## Exercise aim
Every line below from the one with "Biquini feminino conjunto" through the one with "Frayed & Distressed" is to be repeated exactly, with no picture among them.

## Supplied records
■ ■ ■ ■ ■ ■ ■

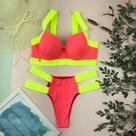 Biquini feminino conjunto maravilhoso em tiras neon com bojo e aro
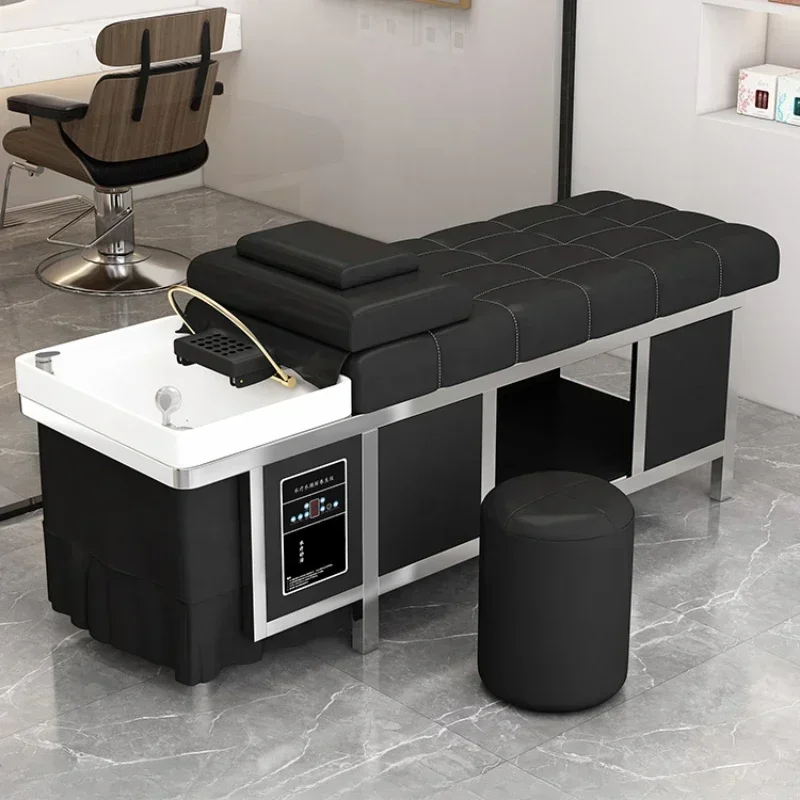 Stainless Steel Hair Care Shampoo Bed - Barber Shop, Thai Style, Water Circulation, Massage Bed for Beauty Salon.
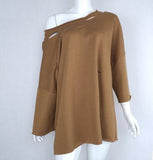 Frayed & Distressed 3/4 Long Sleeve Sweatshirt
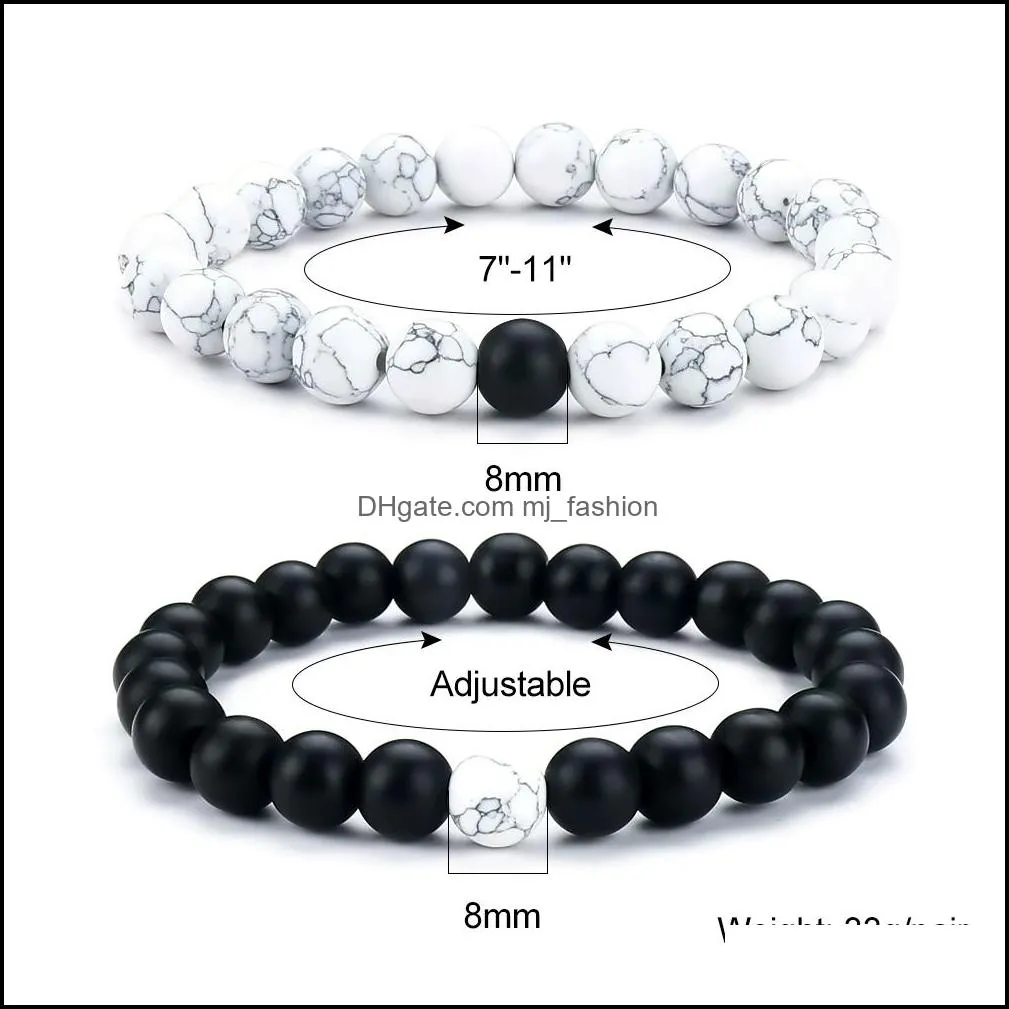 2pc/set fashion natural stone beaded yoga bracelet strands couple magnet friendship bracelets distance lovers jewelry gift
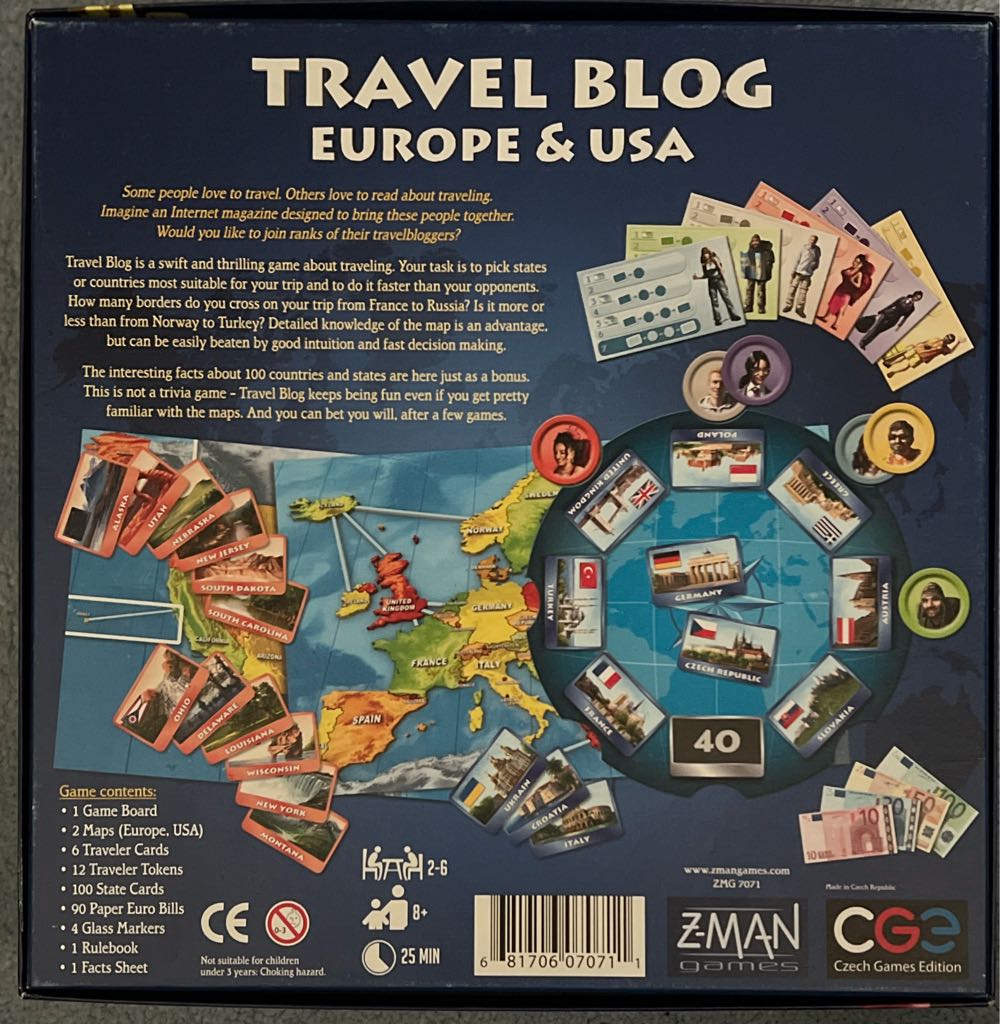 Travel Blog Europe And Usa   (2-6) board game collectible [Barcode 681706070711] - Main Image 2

■ ■ ■ ■ ■ ■ ■

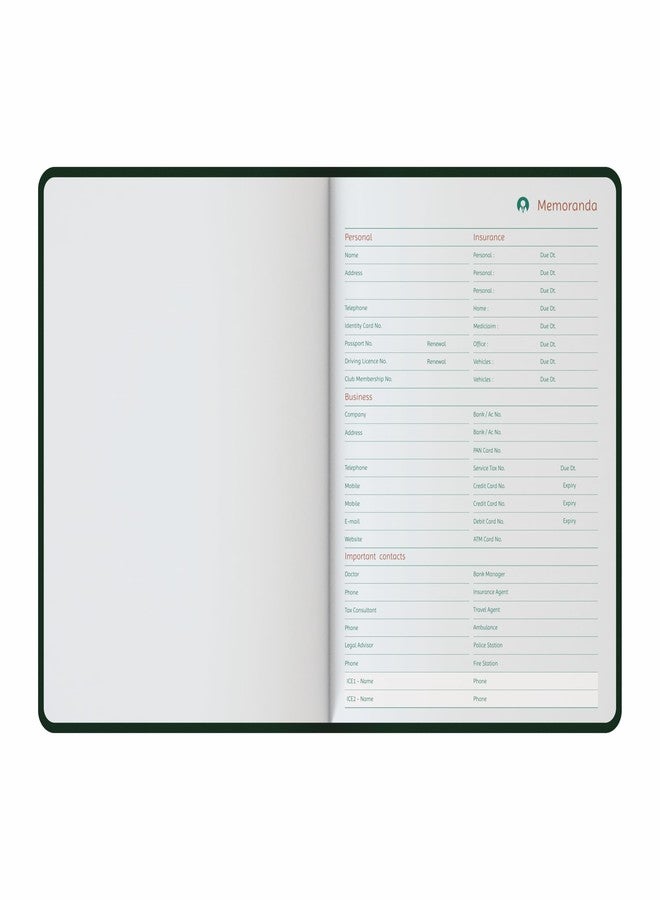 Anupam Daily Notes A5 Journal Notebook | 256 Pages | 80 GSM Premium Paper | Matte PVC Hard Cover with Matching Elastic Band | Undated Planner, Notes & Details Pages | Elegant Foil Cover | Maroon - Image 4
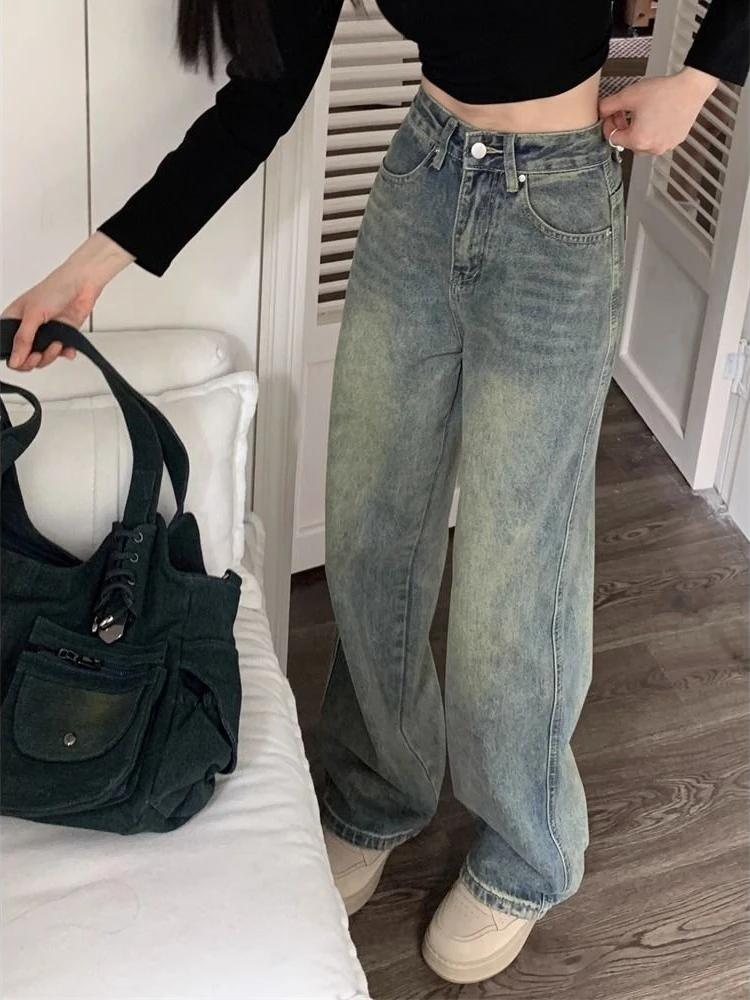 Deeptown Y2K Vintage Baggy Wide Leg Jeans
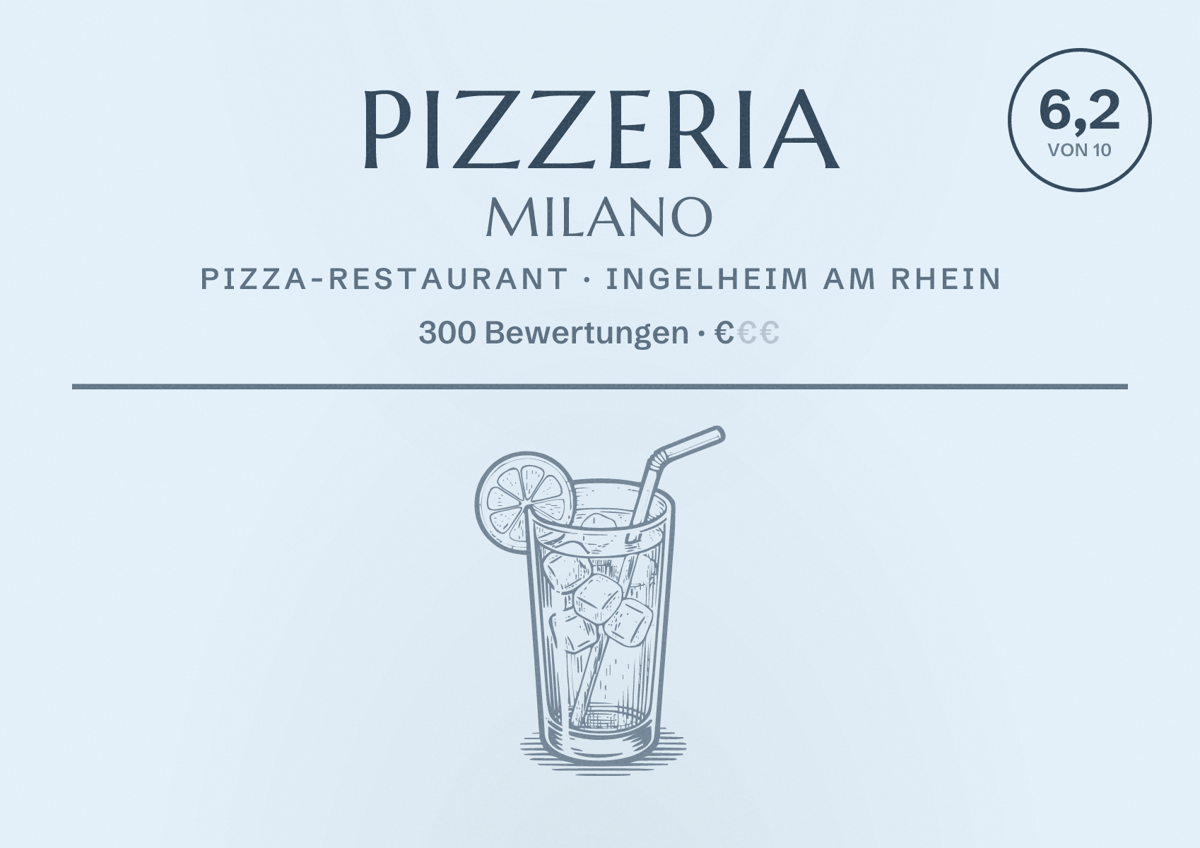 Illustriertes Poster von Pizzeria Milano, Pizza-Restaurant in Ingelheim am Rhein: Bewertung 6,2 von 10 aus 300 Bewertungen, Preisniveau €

■ ■ ■ ■ ■ ■ ■

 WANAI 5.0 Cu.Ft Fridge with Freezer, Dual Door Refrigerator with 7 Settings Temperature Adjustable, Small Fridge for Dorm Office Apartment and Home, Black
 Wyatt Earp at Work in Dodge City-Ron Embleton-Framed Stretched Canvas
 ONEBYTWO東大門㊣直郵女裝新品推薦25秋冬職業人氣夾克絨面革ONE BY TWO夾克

■ ■ ■ ■ ■ ■ ■

## Task response
 Biquini feminino conjunto maravilhoso em tiras neon com bojo e aro
 Stainless Steel Hair Care Shampoo Bed - Barber Shop, Thai Style, Water Circulation, Massage Bed for Beauty Salon.
 Frayed & Distressed 3/4 Long Sleeve Sweatshirt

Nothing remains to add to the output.